Quegli spiragli di luce che Turner non trova nella vita coniugale, incapace di legarsi affettivamente alla moglie e alle due figlie, corpi estranei nel suo quadro terreno. Spiragli che baluginano appena nei furtivi amplessi con la sua governante ed esplodono invece in fulgidi raggi nell’unico rapporto che lo renda gioioso: quello con il padre William (Paul Jesson), rinomato barbiere, benevolo custode della sua arte, quindi suo mentore nella dolorosa assenza del trapasso.
Un Turner inafferrabile come la velocità di un baleno, la cui profondità spirituale è celata dai sordi borborigmi con cui smozzica le frasi, dal suo severo cipiglio, dal goffo ondeggiare del corpo con cui Timothy Spall lo scorrazza magistralmente in giro per l’Europa, in quelle peregrinazioni che gli servono per capire come la luce cambi il modo di vedere del mondo.
Fulminei schizzi sul taccuino prima di fissare sulla tela il sublime e il contraddittorio del colore, che si sparge con la sapienza del suo occhio da sperimentatore, curioso egli di ogni cosa umana, che sia lo struggente “Lamento di Didone” suonato da una signorina in una lussuosa reggia di campagna o lo spettacolo del magnetismo messo in scena da Mary Somerville (Leslie Manville) nella sua casa londinese.
Il Turner di Mike Leigh è come un prisma del quale la gente può cogliere soltanto una faccia, così come accade alla Royal Academy of Arts, dove espone da sempre ma presso la quale rimane l’eccentrico Mr. Turner, capace di scioccare tutti con un improvvisato segno rosso sul proprio dipinto (in sfregio al collega rivale Constable), salvo poi trasformarlo con pochi abili gesti in una salvifica boa sull’ondosa superficie di una marina.

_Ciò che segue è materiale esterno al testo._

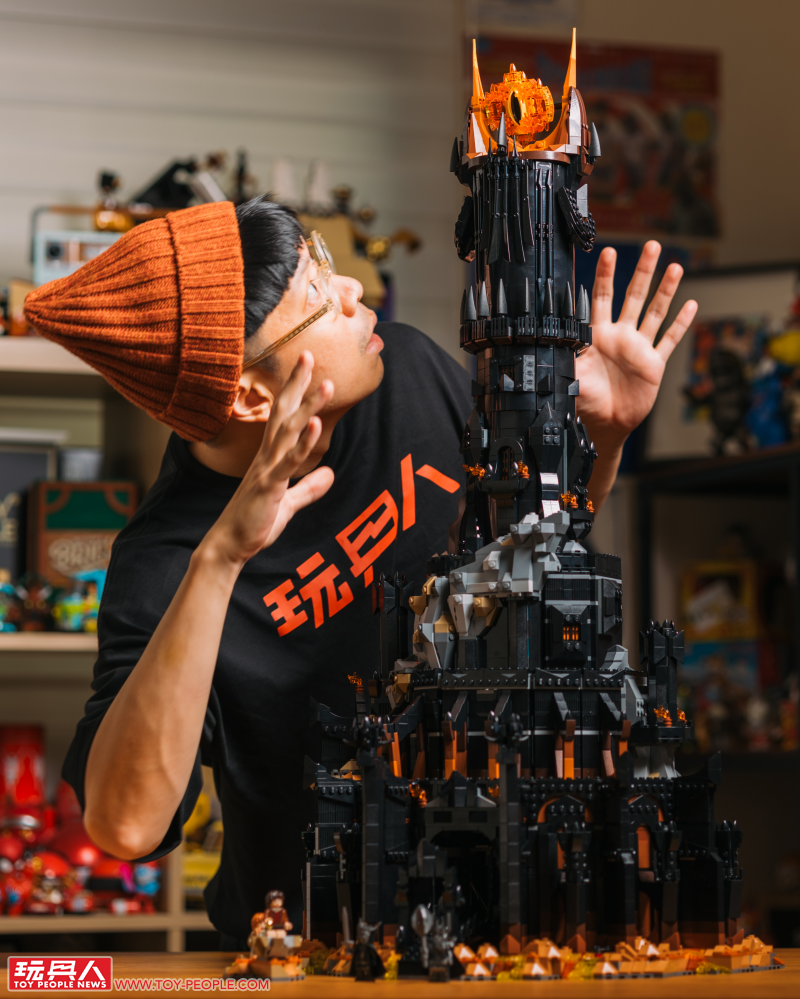 LEGO 10333「魔戒:巴拉多」開箱報告 高達 83 公分的黑鐵巨城!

Turner è come quel mare che invade gran parte dei suoi lavori: in moto perenne, ciascuno sbuffo mai isolato dal resto, parte di un paesaggio che si fa strumento per trasmettere nobili sentimenti, come aveva intuito il giovane John Ruskin, pur qui dipinto nella sua ridondante quasi fanatica devozione al maestro Turner.
Una figura che Ruskin celebrerà come pioniere di un modo di vedere (ispiratore degli impressionisti?), capace di fare del paesaggio la strada per le emozioni, di portare il paziente occhio dello spettatore a cogliere il senso e il significato delle pennellate, dentro una visione che distorce la normale prospettiva pittorica avvicinandola ai canoni percettivi dell’occhio umano. Uno stile fatto di atmosfera, nella quale la luce del sole dissolve la solidità dei corpi e degli oggetti, trascendendo ogni cosa. Anche l’avvenire di quella fotografia che lo minaccia di “essere finito”.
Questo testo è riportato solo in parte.